Directions for this task: Reproduce only the stretch of entries below that begins at the first line and ends at the line holding "biurko-z-polkami-bialy-wysoki-polysk-100-x-55-x-75-cm".
[Extracted records — start]
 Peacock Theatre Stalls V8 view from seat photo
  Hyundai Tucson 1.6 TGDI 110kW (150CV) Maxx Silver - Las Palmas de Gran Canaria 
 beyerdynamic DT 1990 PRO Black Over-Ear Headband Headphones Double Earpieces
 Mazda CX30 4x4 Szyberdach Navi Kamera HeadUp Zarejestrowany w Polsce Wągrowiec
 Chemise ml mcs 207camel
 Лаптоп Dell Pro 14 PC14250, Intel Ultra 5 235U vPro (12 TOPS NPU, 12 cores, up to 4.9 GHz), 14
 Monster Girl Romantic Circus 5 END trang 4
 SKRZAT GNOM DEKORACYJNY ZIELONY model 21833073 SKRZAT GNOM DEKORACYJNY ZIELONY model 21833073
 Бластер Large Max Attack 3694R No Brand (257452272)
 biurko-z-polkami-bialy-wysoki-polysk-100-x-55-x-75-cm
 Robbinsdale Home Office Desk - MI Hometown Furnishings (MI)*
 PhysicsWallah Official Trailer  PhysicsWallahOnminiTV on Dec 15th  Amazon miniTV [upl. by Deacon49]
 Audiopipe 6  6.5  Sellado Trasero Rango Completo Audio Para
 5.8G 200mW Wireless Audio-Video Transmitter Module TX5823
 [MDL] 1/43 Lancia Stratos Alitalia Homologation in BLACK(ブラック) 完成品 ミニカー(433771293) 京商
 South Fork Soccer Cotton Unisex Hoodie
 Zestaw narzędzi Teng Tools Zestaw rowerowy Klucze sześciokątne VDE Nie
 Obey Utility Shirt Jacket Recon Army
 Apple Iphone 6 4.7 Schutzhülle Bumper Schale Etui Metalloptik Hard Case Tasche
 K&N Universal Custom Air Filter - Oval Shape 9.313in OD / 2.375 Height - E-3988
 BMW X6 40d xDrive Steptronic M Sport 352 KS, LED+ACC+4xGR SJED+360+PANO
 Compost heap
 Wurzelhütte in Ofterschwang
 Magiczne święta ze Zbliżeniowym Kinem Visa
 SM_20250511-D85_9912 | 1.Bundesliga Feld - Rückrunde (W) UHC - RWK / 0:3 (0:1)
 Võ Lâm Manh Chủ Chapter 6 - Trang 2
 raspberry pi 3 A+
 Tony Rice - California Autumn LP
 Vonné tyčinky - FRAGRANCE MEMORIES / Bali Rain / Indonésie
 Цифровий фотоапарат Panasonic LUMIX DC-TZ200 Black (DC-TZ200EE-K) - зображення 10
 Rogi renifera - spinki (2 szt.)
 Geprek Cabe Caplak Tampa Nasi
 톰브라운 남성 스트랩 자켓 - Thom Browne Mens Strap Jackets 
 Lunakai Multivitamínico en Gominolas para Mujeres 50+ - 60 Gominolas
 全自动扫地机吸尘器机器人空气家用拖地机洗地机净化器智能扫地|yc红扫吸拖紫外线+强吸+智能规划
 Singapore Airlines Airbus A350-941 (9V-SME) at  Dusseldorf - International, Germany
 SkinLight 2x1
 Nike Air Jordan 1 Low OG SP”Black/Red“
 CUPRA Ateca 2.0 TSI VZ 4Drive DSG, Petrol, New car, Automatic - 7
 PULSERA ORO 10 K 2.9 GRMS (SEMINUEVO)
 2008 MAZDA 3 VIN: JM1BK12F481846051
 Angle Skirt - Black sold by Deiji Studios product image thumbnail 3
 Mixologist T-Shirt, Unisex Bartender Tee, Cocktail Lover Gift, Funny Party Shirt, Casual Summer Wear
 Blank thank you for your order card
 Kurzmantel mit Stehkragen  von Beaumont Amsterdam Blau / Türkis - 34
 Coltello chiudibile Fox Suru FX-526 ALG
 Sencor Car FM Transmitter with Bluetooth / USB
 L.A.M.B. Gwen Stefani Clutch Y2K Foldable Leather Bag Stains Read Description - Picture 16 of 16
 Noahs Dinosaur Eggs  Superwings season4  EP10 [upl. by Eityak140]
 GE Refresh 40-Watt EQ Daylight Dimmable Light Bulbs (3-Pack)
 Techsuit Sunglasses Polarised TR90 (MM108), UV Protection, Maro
[Extracted records — finish]
Exercise output:
 Peacock Theatre Stalls V8 view from seat photo
  Hyundai Tucson 1.6 TGDI 110kW (150CV) Maxx Silver - Las Palmas de Gran Canaria 
 beyerdynamic DT 1990 PRO Black Over-Ear Headband Headphones Double Earpieces
 Mazda CX30 4x4 Szyberdach Navi Kamera HeadUp Zarejestrowany w Polsce Wągrowiec
 Chemise ml mcs 207camel
 Лаптоп Dell Pro 14 PC14250, Intel Ultra 5 235U vPro (12 TOPS NPU, 12 cores, up to 4.9 GHz), 14
 Monster Girl Romantic Circus 5 END trang 4
 SKRZAT GNOM DEKORACYJNY ZIELONY model 21833073 SKRZAT GNOM DEKORACYJNY ZIELONY model 21833073
 Бластер Large Max Attack 3694R No Brand (257452272)
 biurko-z-polkami-bialy-wysoki-polysk-100-x-55-x-75-cm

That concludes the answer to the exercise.